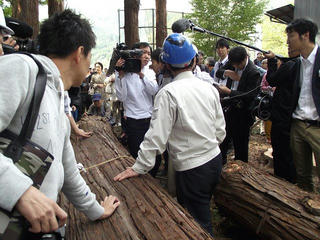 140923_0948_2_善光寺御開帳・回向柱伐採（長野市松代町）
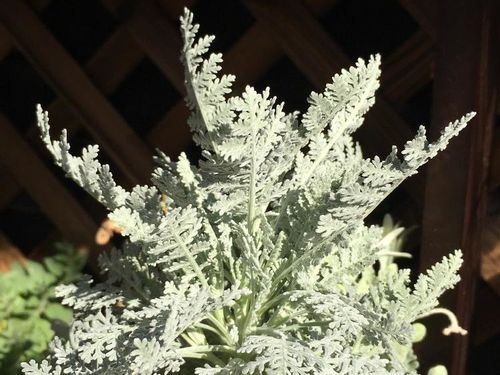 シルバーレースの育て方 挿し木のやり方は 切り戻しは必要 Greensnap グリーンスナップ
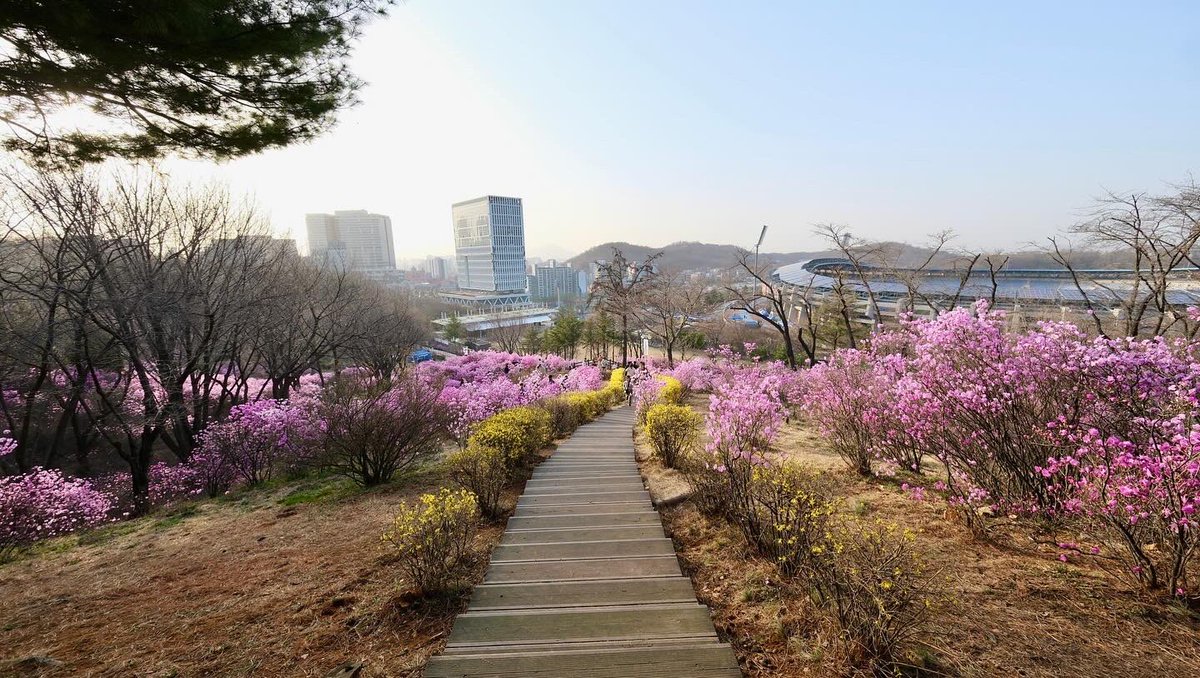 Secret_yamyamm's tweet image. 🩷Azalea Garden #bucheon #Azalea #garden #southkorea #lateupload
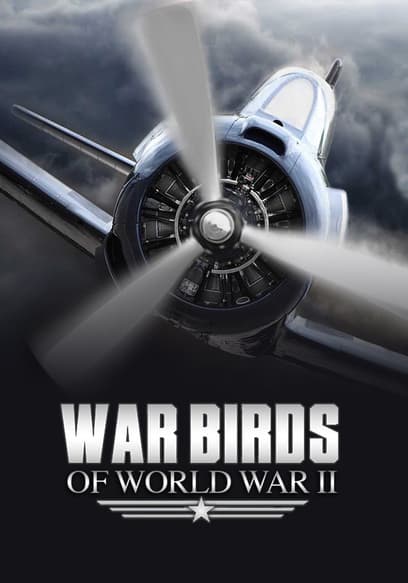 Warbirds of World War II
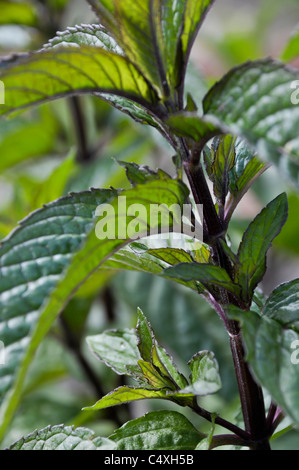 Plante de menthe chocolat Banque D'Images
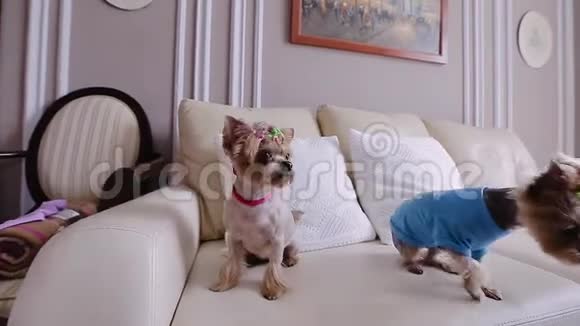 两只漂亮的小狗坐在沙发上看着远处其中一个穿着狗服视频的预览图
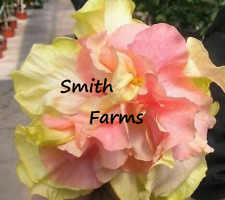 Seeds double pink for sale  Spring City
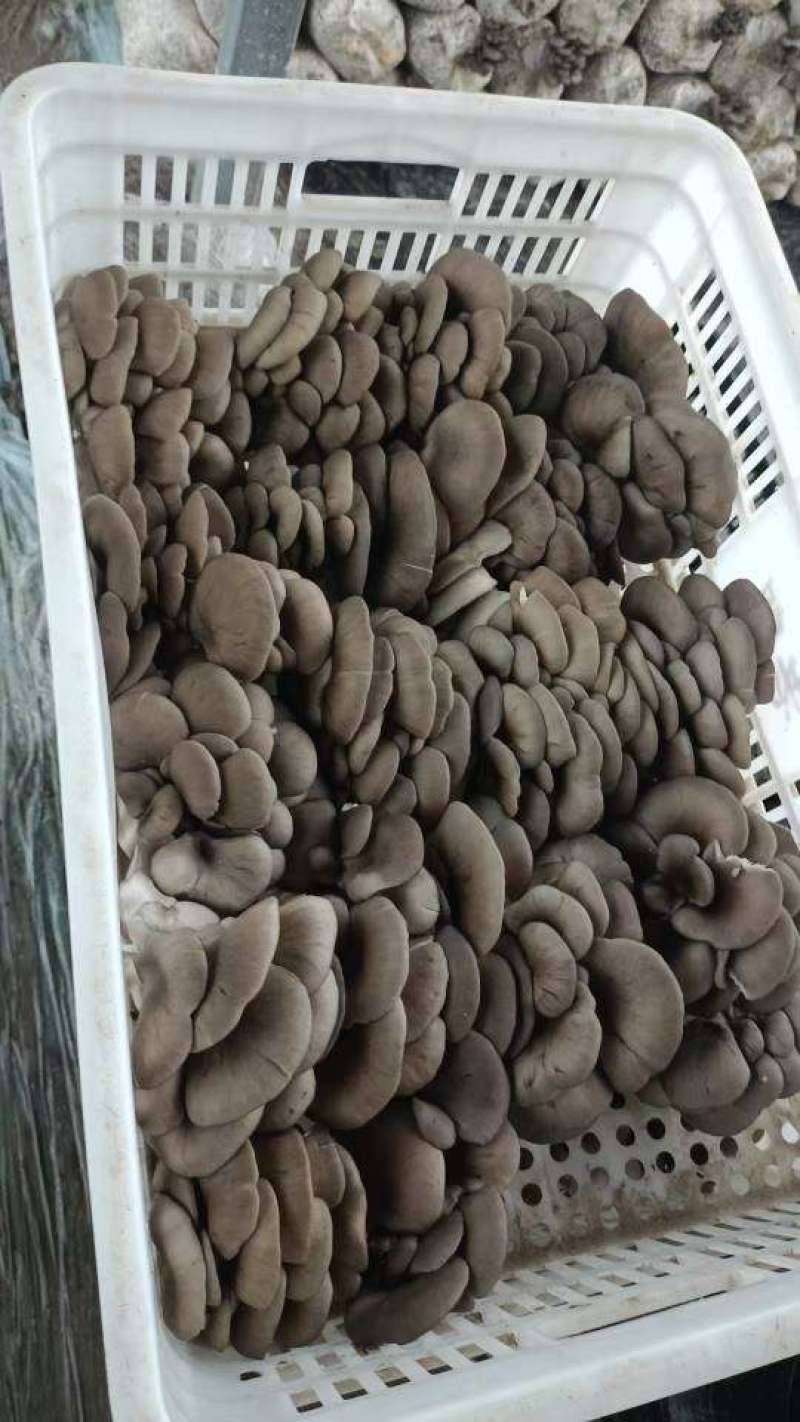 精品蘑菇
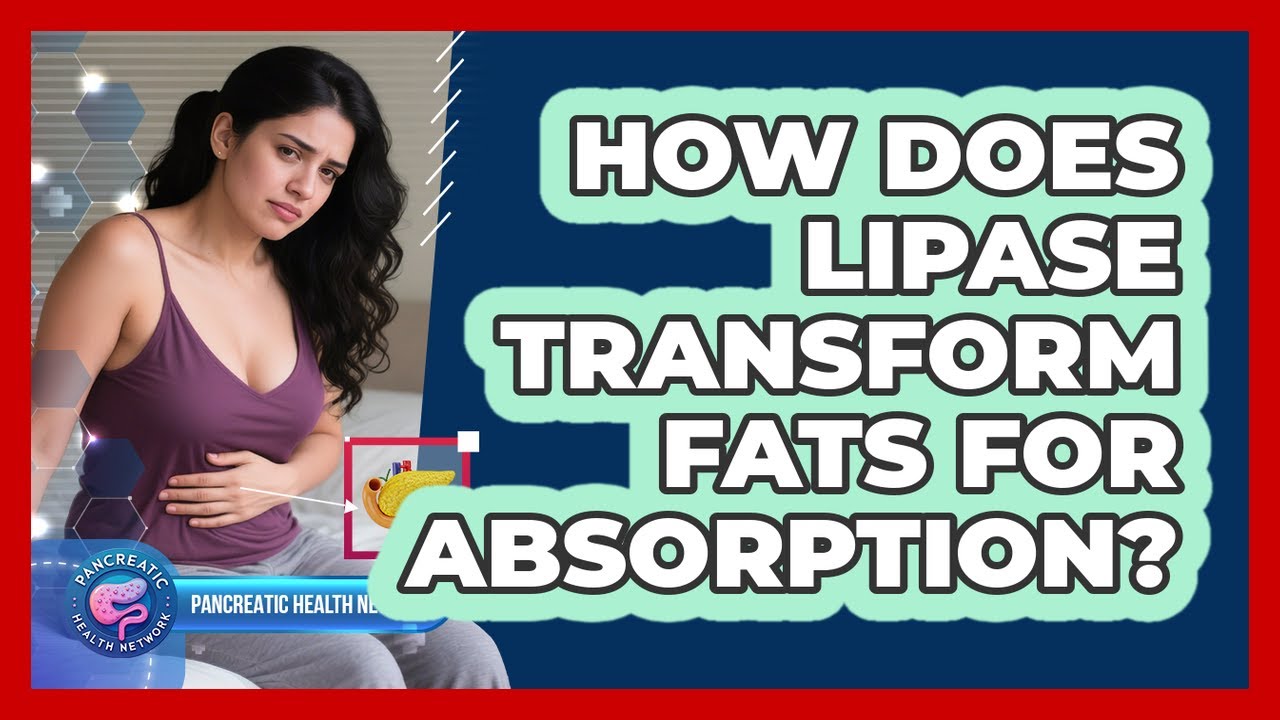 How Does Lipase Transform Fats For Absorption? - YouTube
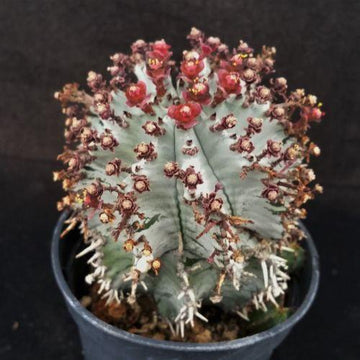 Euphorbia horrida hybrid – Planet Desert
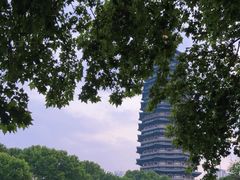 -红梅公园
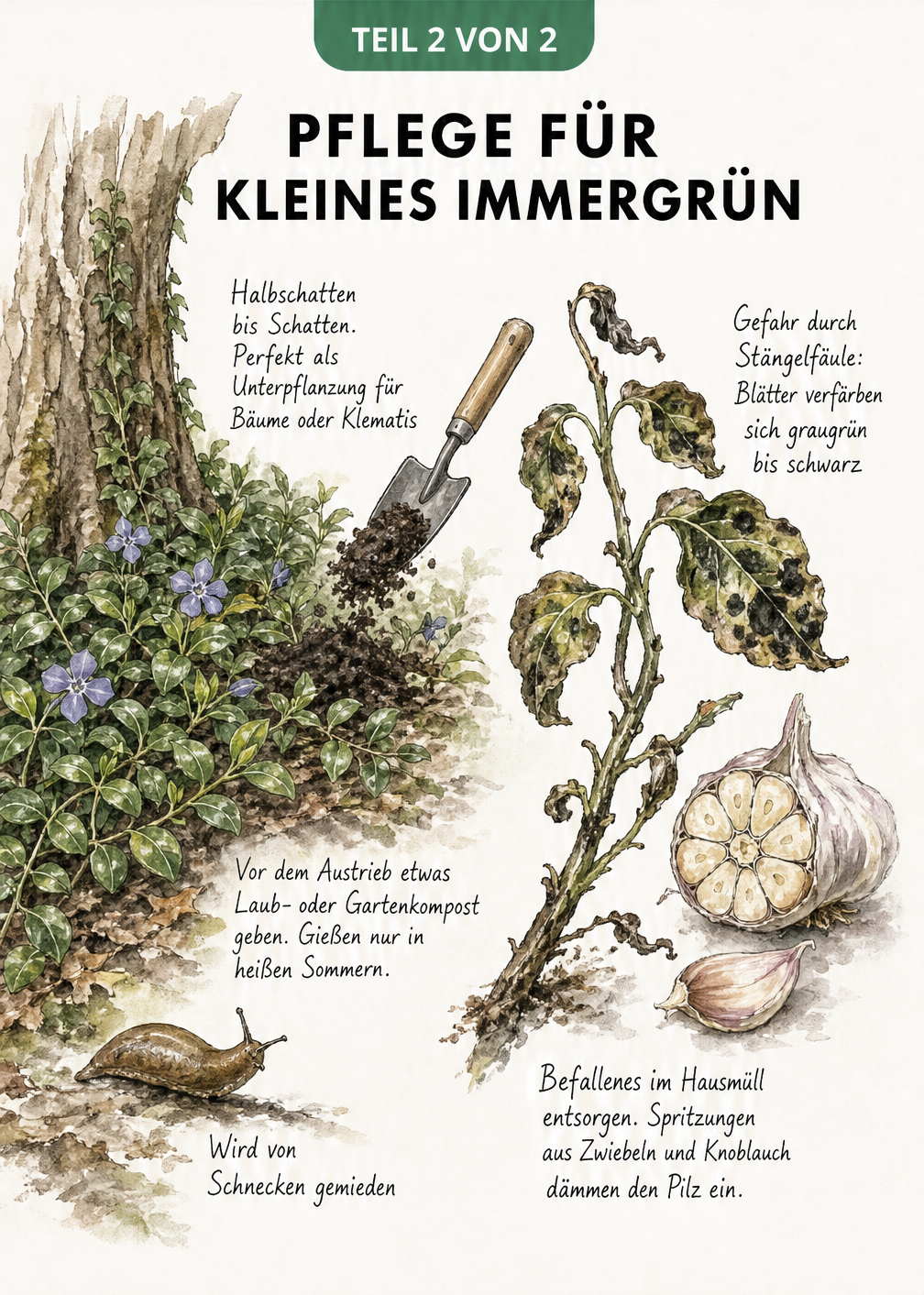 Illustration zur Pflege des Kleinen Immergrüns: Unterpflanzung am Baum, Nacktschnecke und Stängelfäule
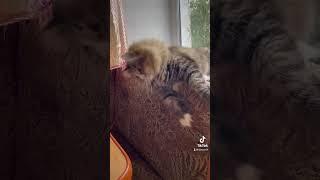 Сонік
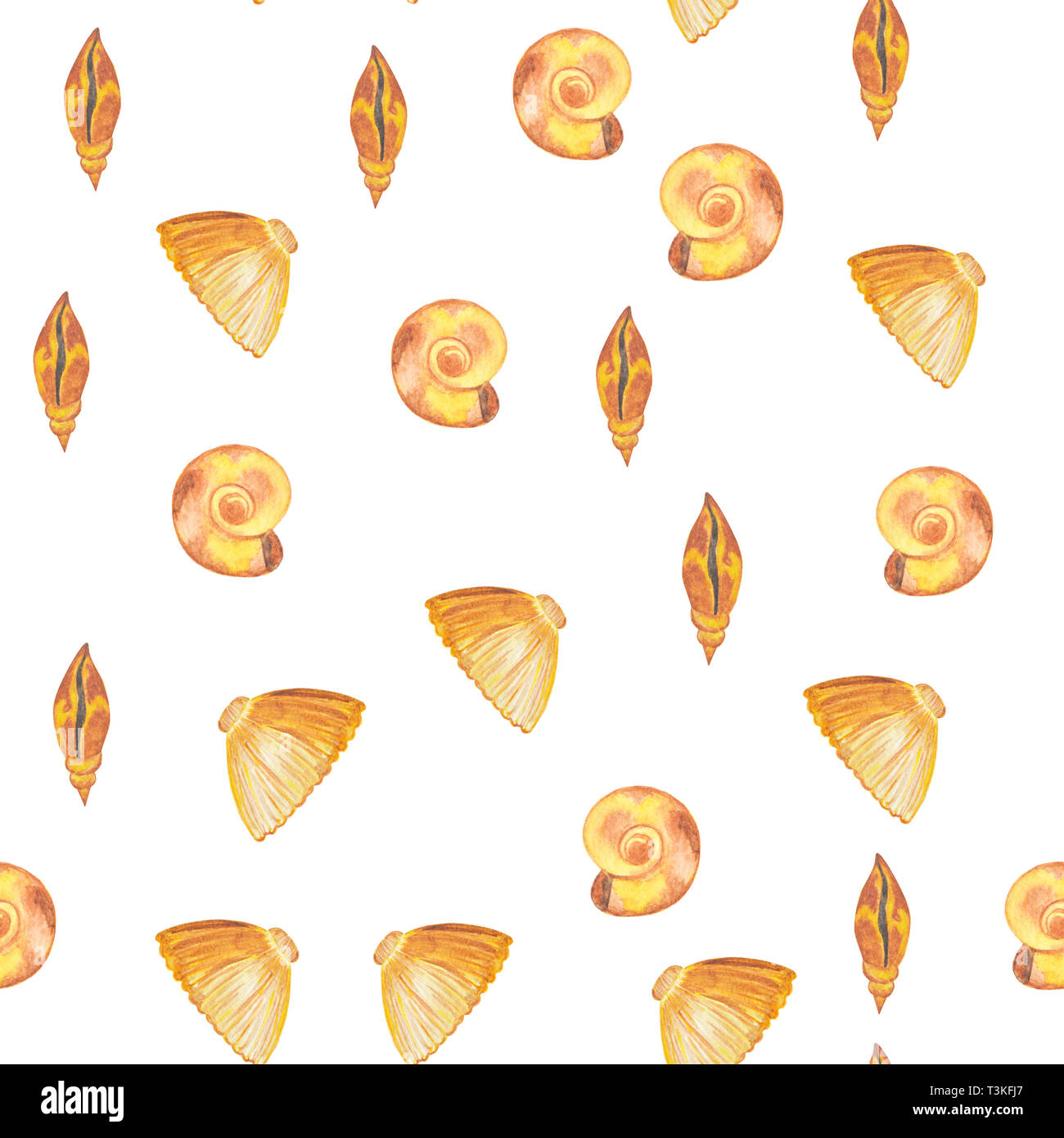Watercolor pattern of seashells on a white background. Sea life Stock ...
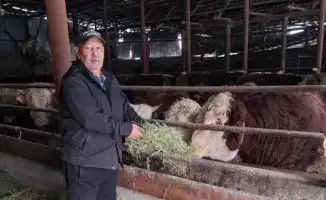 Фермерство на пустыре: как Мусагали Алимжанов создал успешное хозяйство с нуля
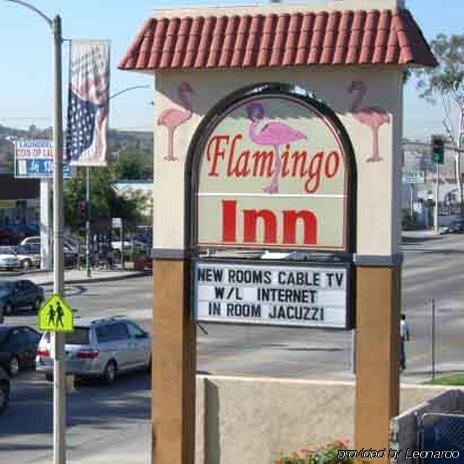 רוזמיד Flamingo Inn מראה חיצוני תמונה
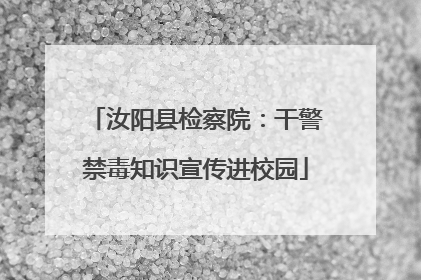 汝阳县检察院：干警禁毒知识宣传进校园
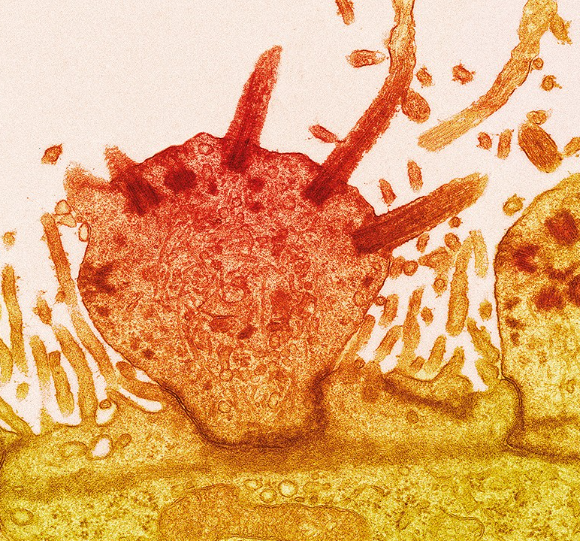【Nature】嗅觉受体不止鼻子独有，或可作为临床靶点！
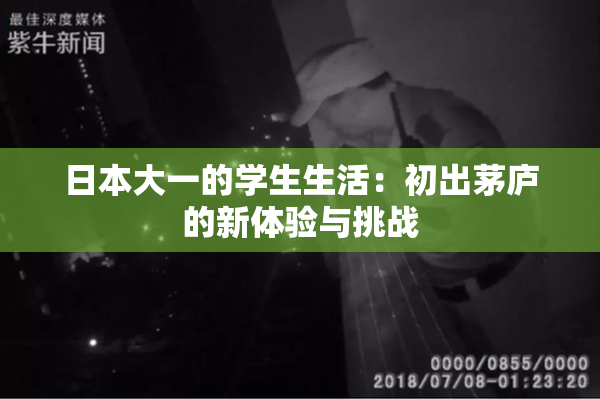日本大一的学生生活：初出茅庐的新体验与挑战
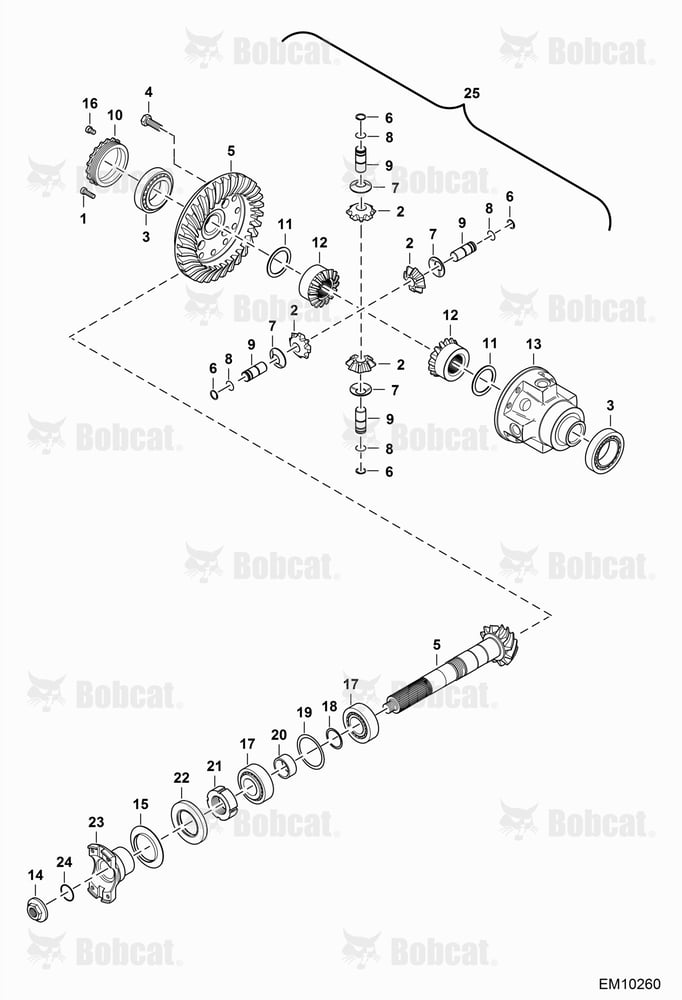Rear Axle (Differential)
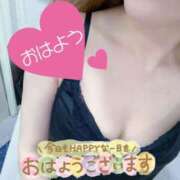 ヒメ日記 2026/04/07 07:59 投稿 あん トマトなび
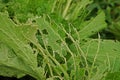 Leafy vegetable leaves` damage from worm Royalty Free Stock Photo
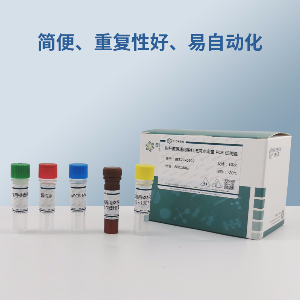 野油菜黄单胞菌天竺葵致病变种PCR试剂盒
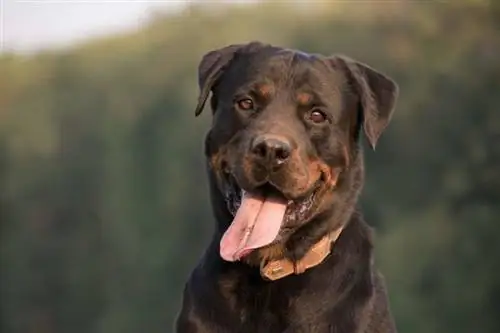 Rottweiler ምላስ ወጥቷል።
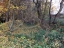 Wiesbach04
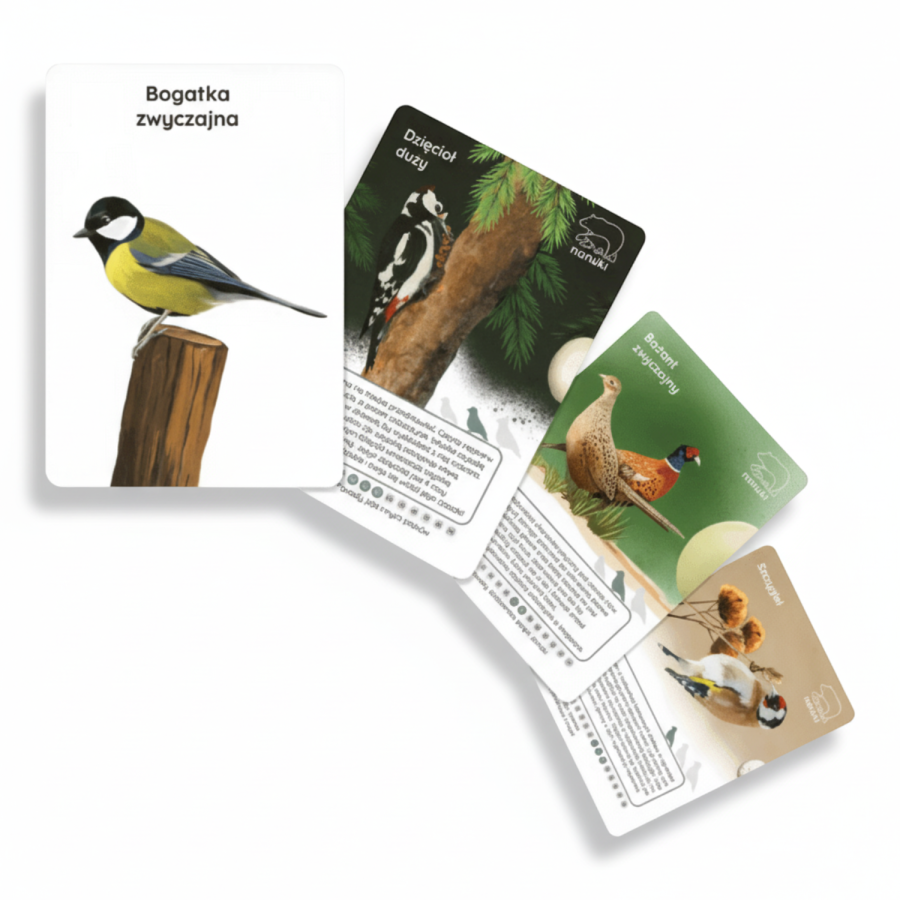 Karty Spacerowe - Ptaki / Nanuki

** Task item **
Going back to the data above, write out everything from the line with "两只漂亮的小狗坐在沙发上看着远处其中一个穿着狗服视频的预览图" down to the line with "Watercolor pattern of", both included, leaving every picture out.

** Response to the task **
 两只漂亮的小狗坐在沙发上看着远处其中一个穿着狗服视频的预览图
 Seeds double pink for sale  Spring City
 精品蘑菇
 How Does Lipase Transform Fats For Absorption? - YouTube
 Euphorbia horrida hybrid – Planet Desert
 -红梅公园
 Illustration zur Pflege des Kleinen Immergrüns: Unterpflanzung am Baum, Nacktschnecke und Stängelfäule
 Сонік
Watercolor pattern of seashells on a white background. Sea life Stock ...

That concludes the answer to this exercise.